Enaknya backpackeran jaman sekarang tuh nggak perlu ribet ngumpulin orang, nggak perlu baca-baca FR orang dan buka peta buat nyusun itin, open trip sudah menjamur dimana-mana. Tinggal bbm, packing, berangkat. Beberapa waktu yang lalu temen satu instansi gue di Bandung tiba-tiba ngirim link open trip ke Krakatau dari forum biru putih. Langsung gue iyain. 

Dari Jakarta, untuk sampai ke Krakatau ada dua jalur yang bisa dilewati. Pertama, dari Tanjung Lesung, Banten, Jawa Barat. Yang kedua via Lampung Selatan. Jaraknya kurang lebih sama, tapi via Lampung Selatan lebih seru, karena bisa sambil island hopping, snorkeling, dan bermalam di Pulau Sebesi, pulau terdekat dari Krakatau. Sementara kalau lewat Tanjung Lesung nggak ada pulau-pulau kecil yang bisa disinggahi, nggak ada tempat bermalam, jadi harus ngecamp di Krakatau.

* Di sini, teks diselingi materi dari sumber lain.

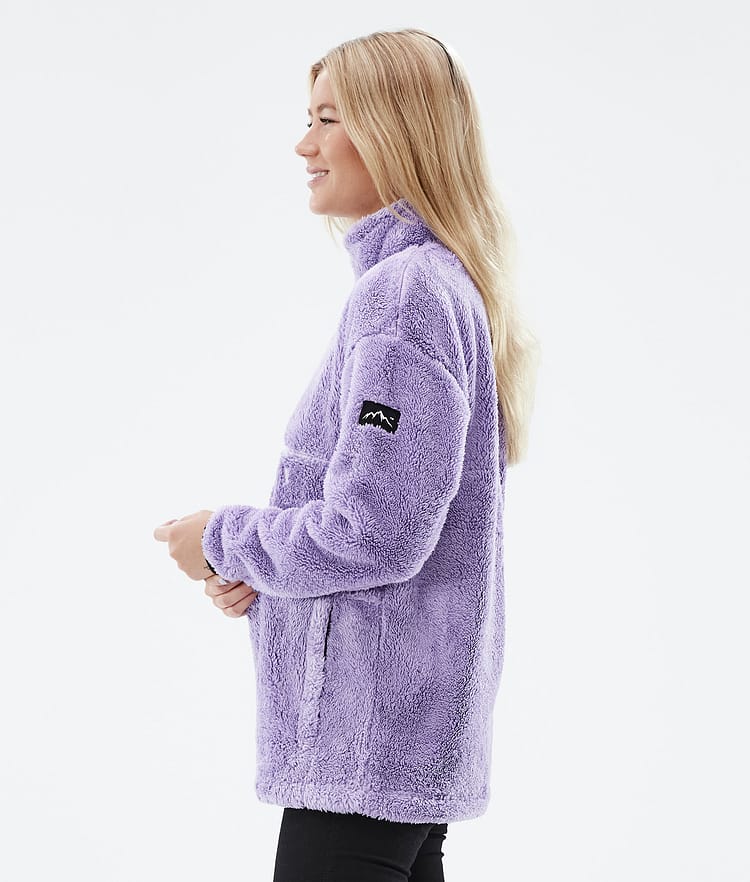 Dope Pile W 22 Fleece Sweater Women Faded Violet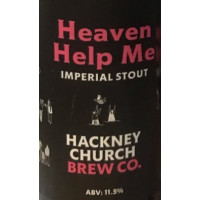 Hackney Church Brew Co. Heaven Help Me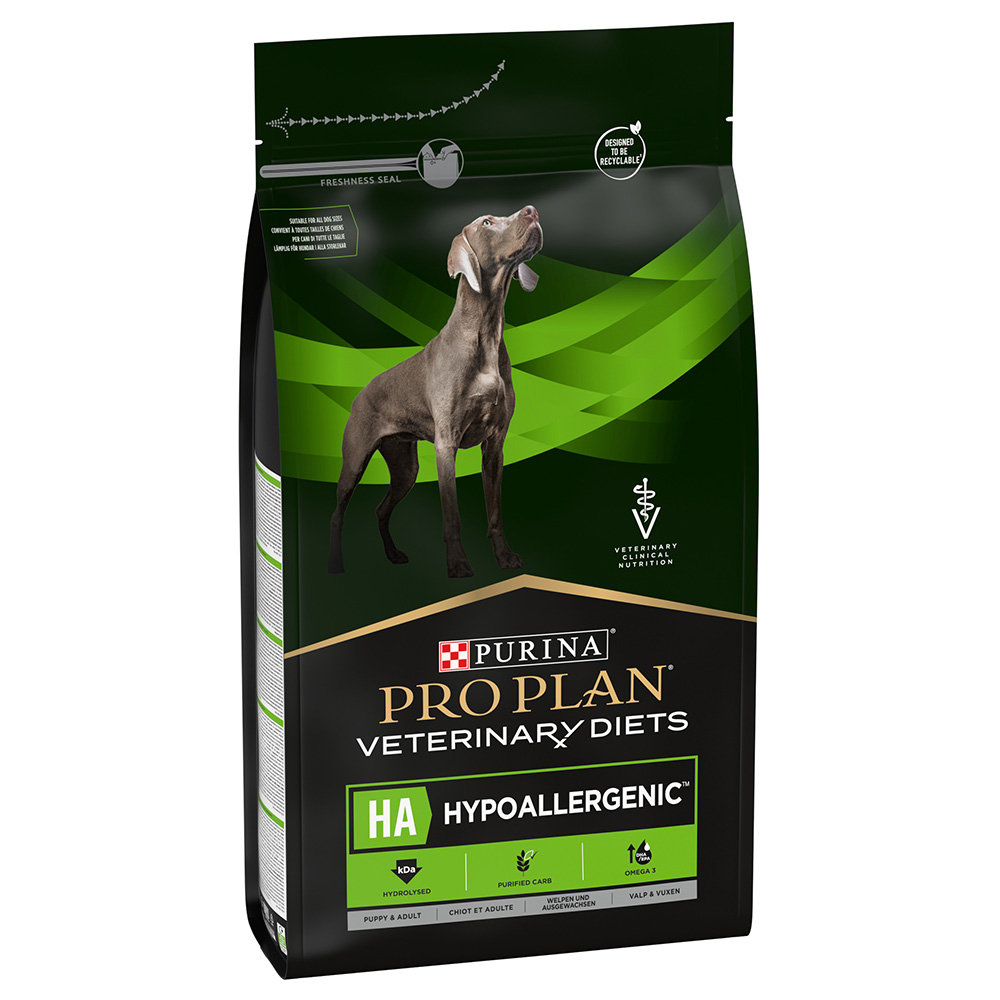 foto del prodotto purina pro plan veterinary diets ha hypoallergenic - 3 kg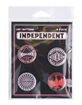 INDEPENDENT Array 4 Pack Pin Set image number 1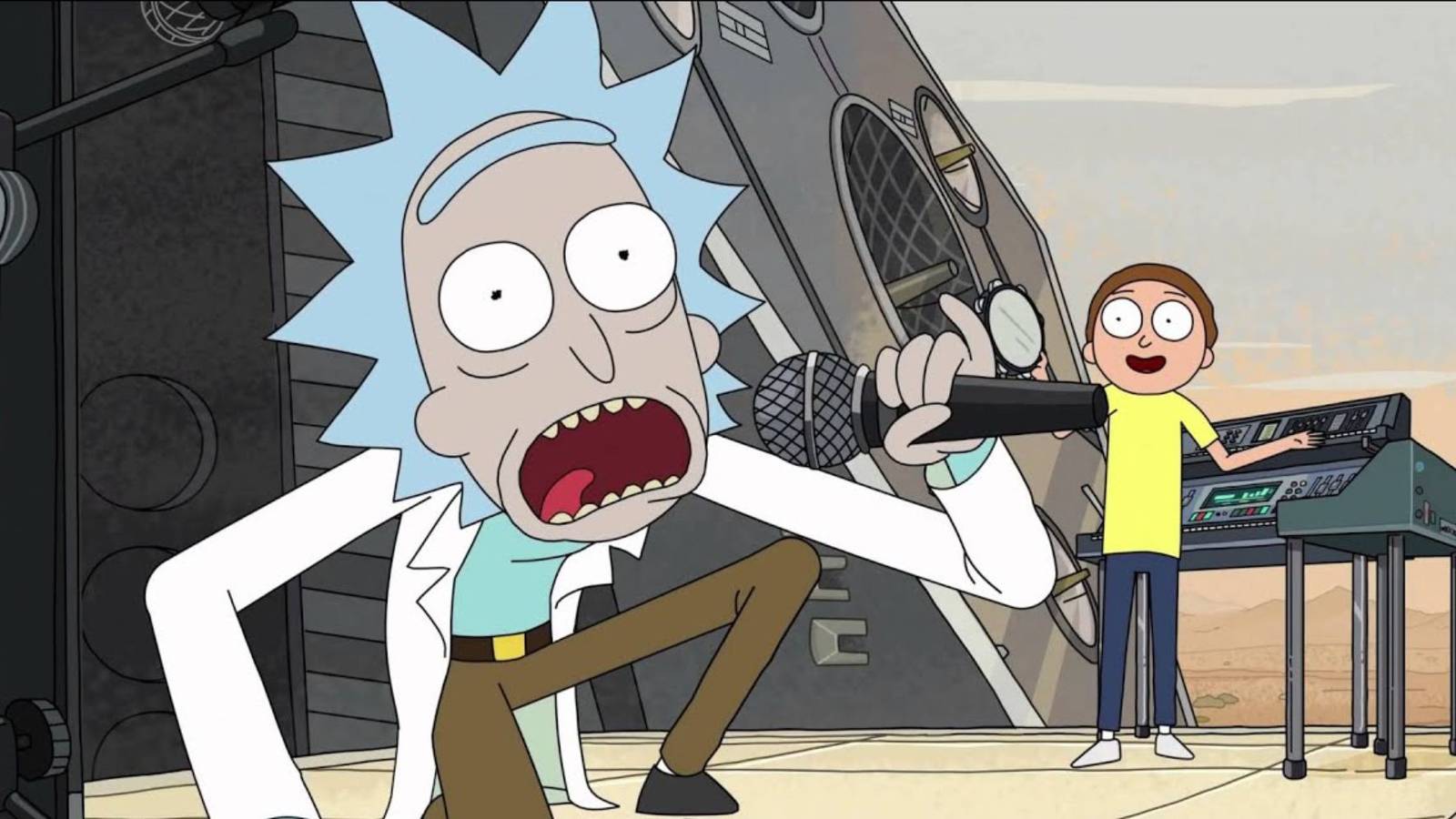 Rick Server Dataminer Makes Rick Playable In MultiVersus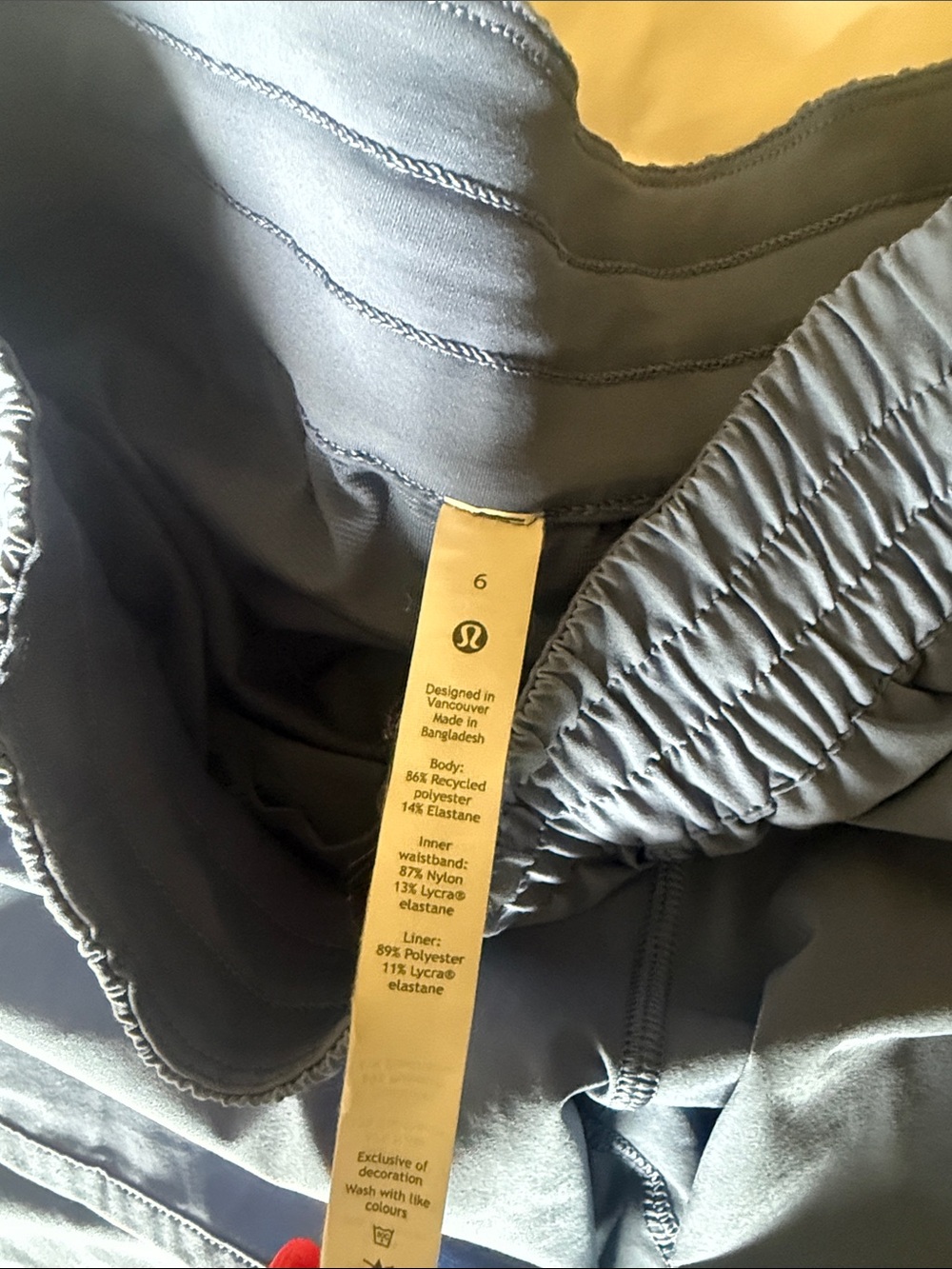 Lululemon Shorts - like new - Picture 2 of 6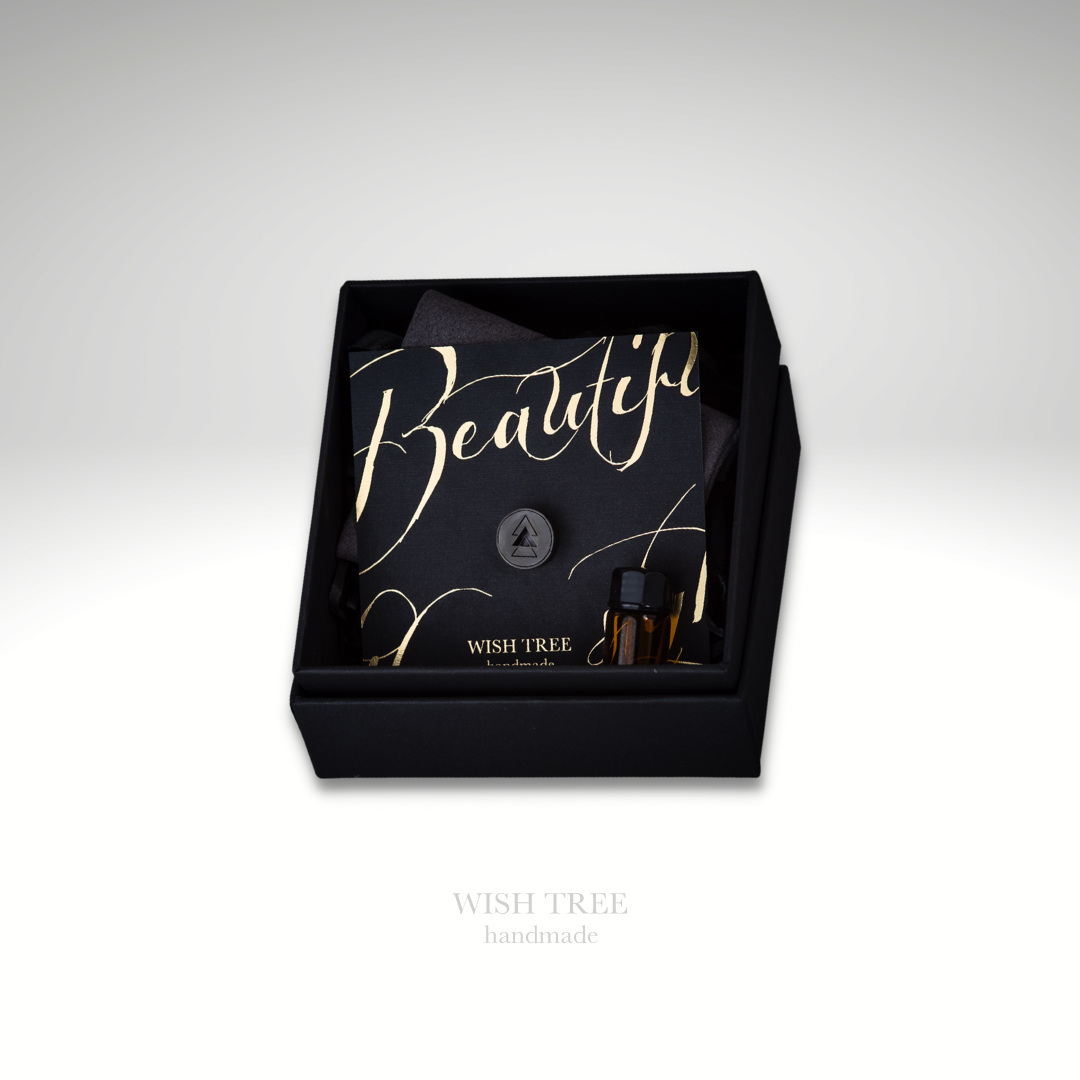 WISH TREE · 香氛釦精裝禮盒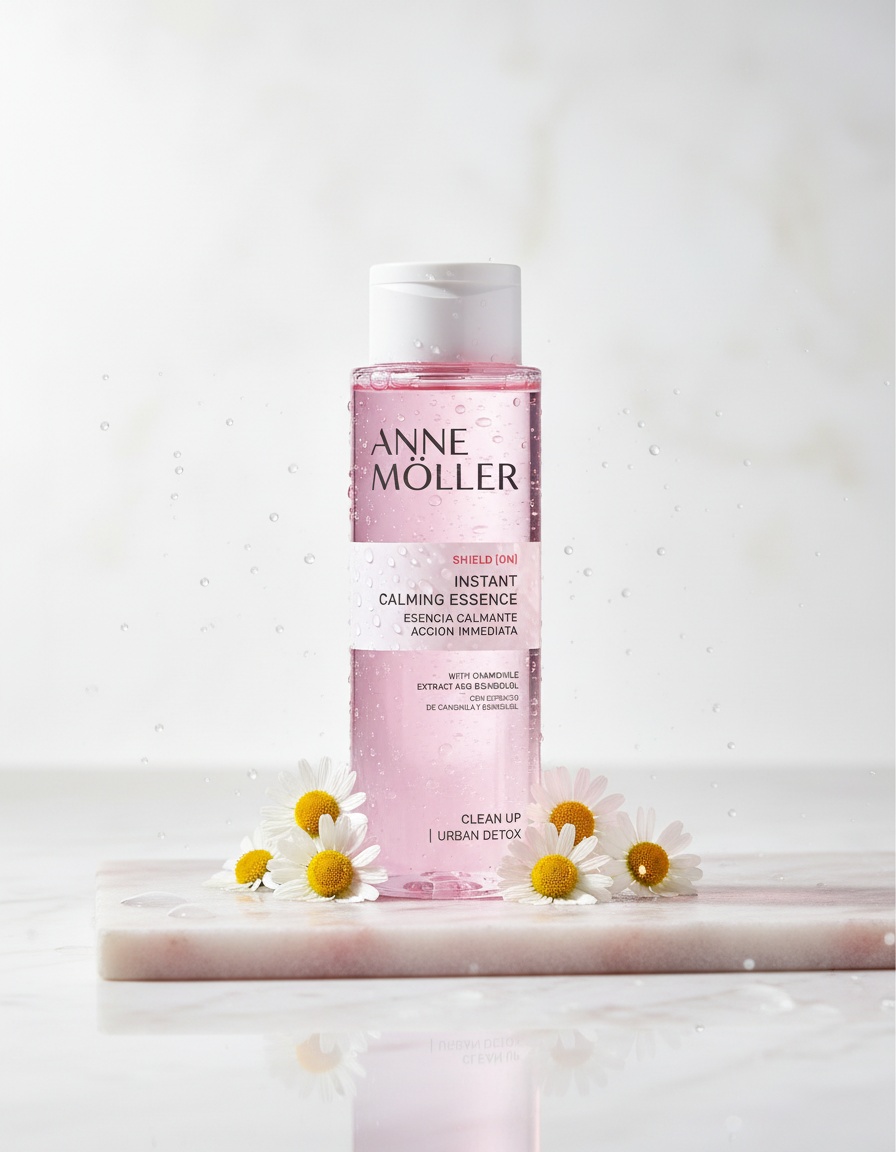 Anne MÖller CLEAN UP calming toner 400 ml - Afbeelding 2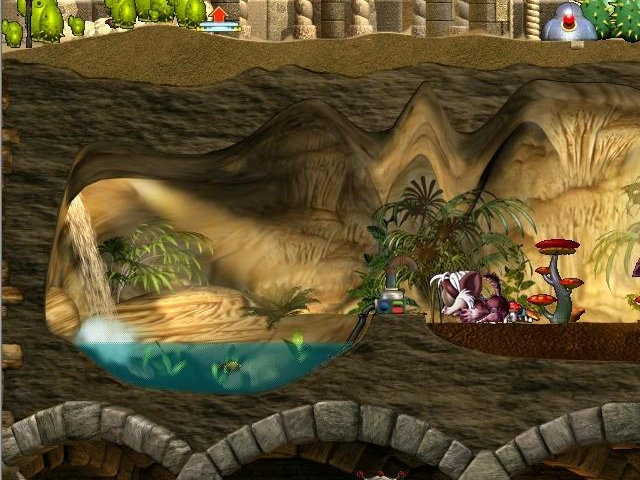 A screenshot of Creatures 2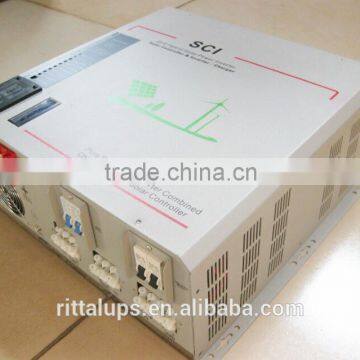 high quality home ups 5kw 48v 230v solar inverter charger mppt controller 80a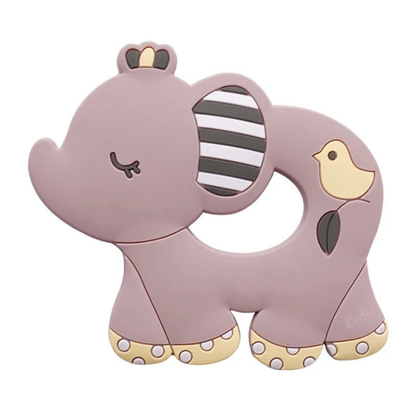 Zemra the Elephant Silicone Teether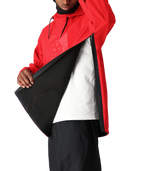 Men's Waterproof Hoody - TRUE RED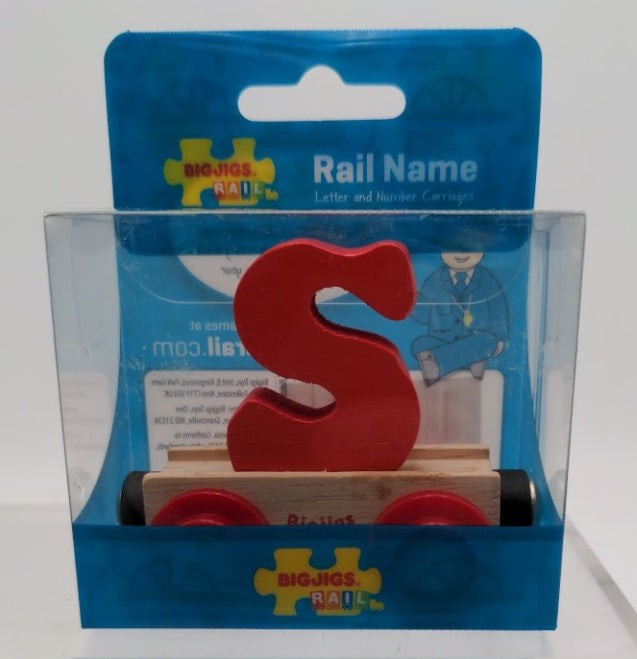 Big Jig Rails BR119 Rail Name 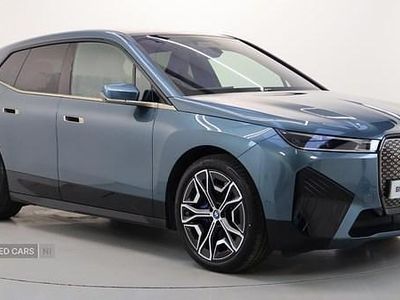 Used BMW iX M Sport 384 kW (523 HP) 2025 Blue SUV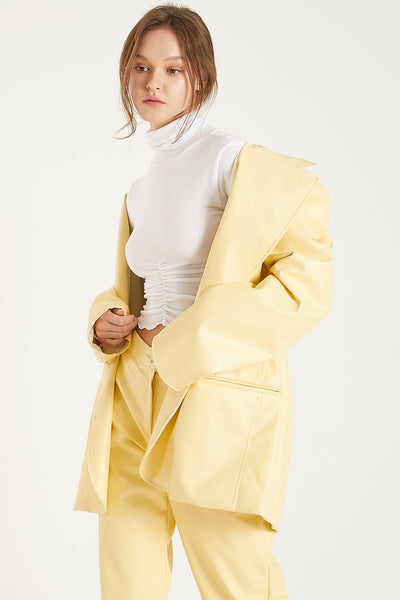 storets.com Stella Boyfriend Single Breasted Blazer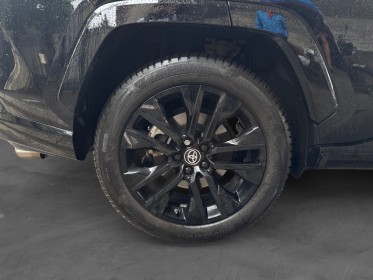 Toyota rav4 hybride my21 218 ch 2wd black edition - toit ouvrant - caméra 360 occasion champigny-sur-marne (94) simplicicar...
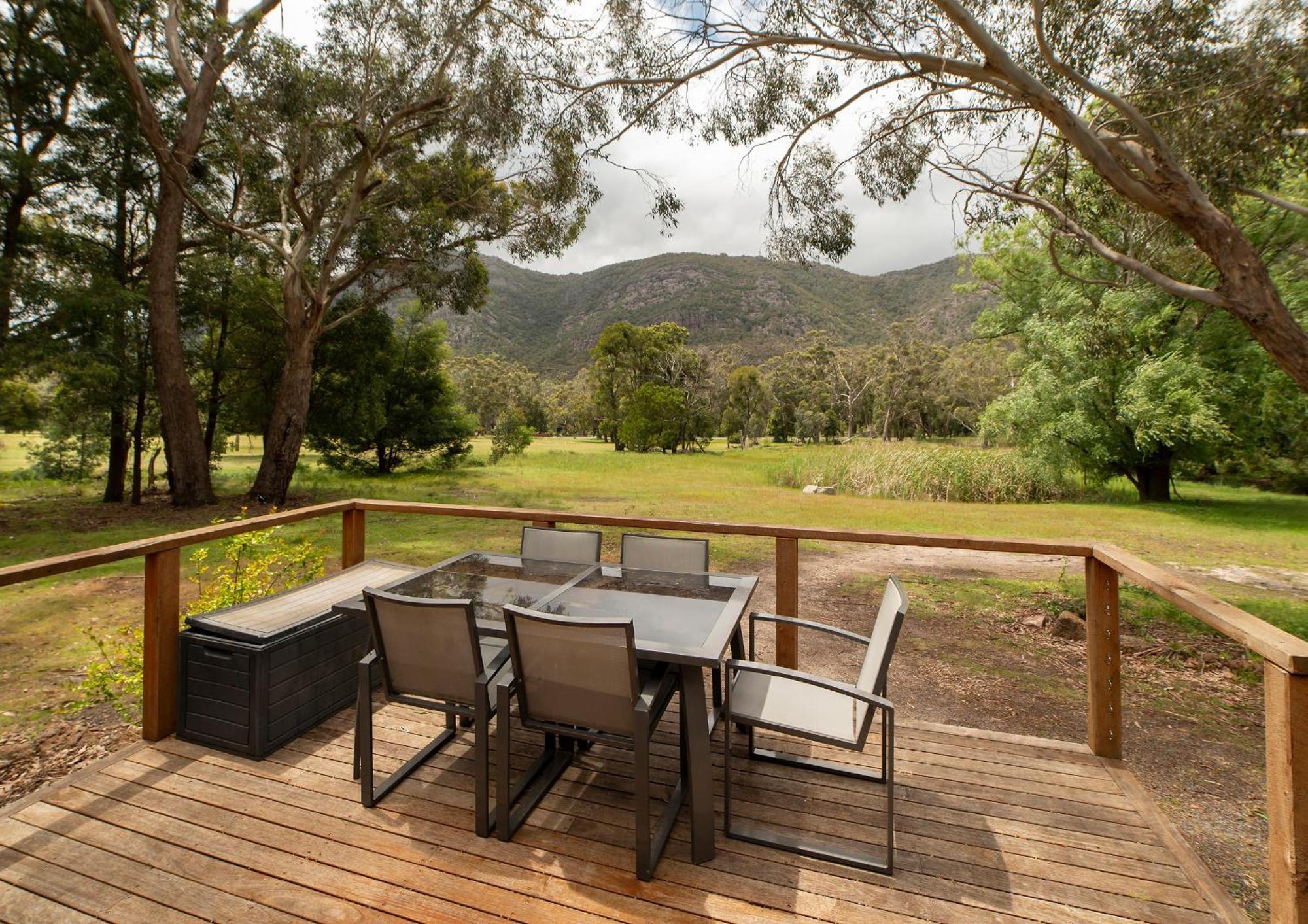 Halls Gap Valley Lodges חדר תמונה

Untuk sampai ke Krakatau via Lampung Selatan sendiri nggak susah. 

Rutenya kurang lebih begini:
  • Dari Terminal Kampung Rambutan Jakarta atau Terminal Leuwipanjang Bandung ambil bus jurusan Pelabuhan Merak Banten. Busnya beroperasi 24 jam, dengan jarak tempuh 3 jam dari Jakarta atau 6 jam dari Bandung.
  • Merak - Bakauheni via kapal ferry yang beroperasi 24 jam dengan jarak tempuh sekitar 3 jam. Bagusnya sih start dari Merak sekitar pukul 2 pagi, agar bisa memulai trip sepagi mungkin.
  • Pelabuhan Bakauheni ke Pelabuhan Canti via angkot, dengan jarak tempuh sekitar 90 menit.
  • Pelabuhan Canti - Pulau Sebesi - Krakatau via kapal nelayan sewaan.

Day 1

Sabtu pukul 6 pagi akhirnya kami sampai di Pelabuhan Canti bersama para peserta open trip lain setelah melalui perjalanan 11 jam yang melelahkan dari Bandung ke Lampung Selatan. Tujuan utama kami hari pertama adalah Pulau Sebesi, tempat kami akan bermalam. Tapi tentunya nggak langsung ke Pulau Sebesi melainkan mampir dulu ke Pulau Sebuku untuk snorkeling dan bermain di pantai. Kesan pertama gue ngelihat Pulau Sebuku nggak telalu awesome. Cuma pulau tanpa penghuni biasa yang penuh dengan tebing dan semak di sepanjang pinggiran pulau. Tapi ternyata kapal kami nggak bener-bener berhenti di Pulau Sebuku, tapi di sebuah pulau kecil yang terpisah yang berada tepat di sisi Pulau Sebuku. Berbeda dengan Pulau Sebuku, pulau kecil tak bernama yang memiliki ukuran nggak lebih dari 2 hektar ini punya pantai yang lumayan di salah satu sisinya. Di sinilah kami berhenti sejenak untuk bermain air, snorkeling, dan mandi-mandi.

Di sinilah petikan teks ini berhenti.